(Beginning of WORKING DATA)

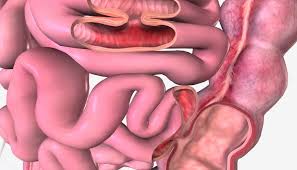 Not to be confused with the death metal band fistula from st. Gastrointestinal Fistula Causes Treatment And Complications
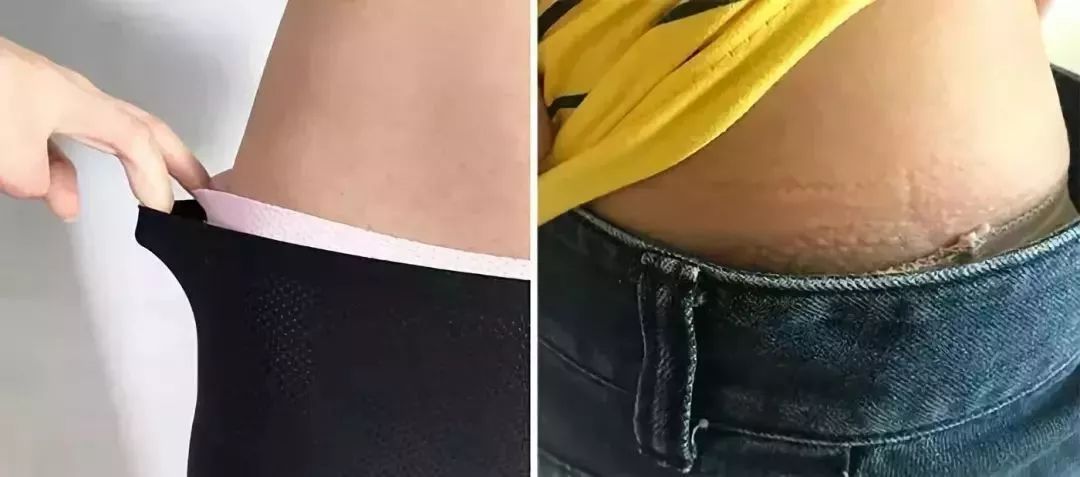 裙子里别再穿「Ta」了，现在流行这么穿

(End of WORKING DATA)
(Beginning of WORKING DATA)

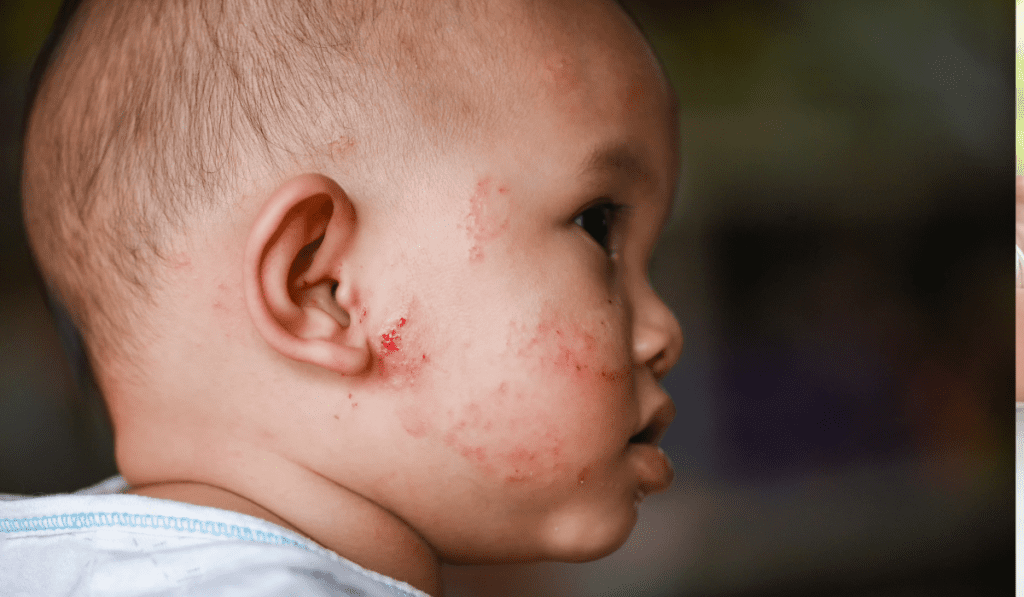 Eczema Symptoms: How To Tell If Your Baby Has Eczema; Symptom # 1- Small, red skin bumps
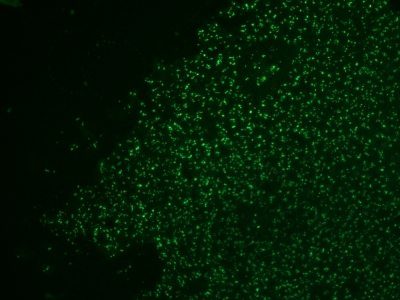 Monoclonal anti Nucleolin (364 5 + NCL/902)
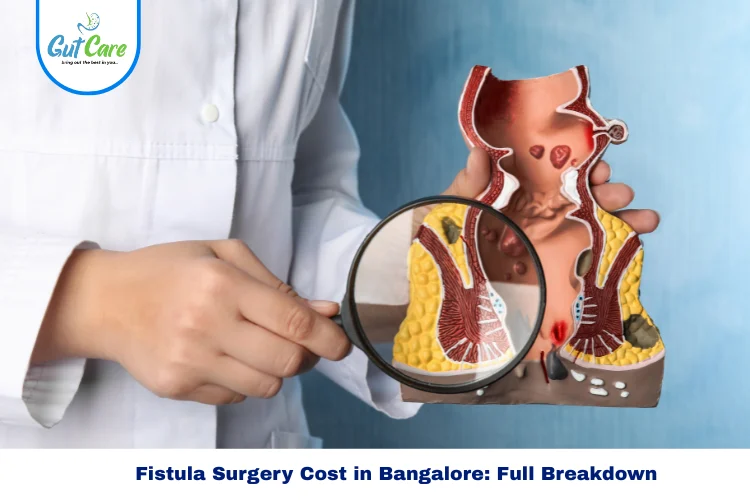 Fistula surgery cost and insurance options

(End of WORKING DATA)

# WHAT THE EXERCISE ASKS:
Print, exactly and with no pictures, the lines of the listing above starting at the one that has "Monoclonal anti Nucleolin (364 5 + NCL/902)" and ending at the one that has "Fistula surgery cost and insurance options", both included.

# RESULT OF THIS EXERCISE:
 Monoclonal anti Nucleolin (364 5 + NCL/902)
 Fistula surgery cost and insurance options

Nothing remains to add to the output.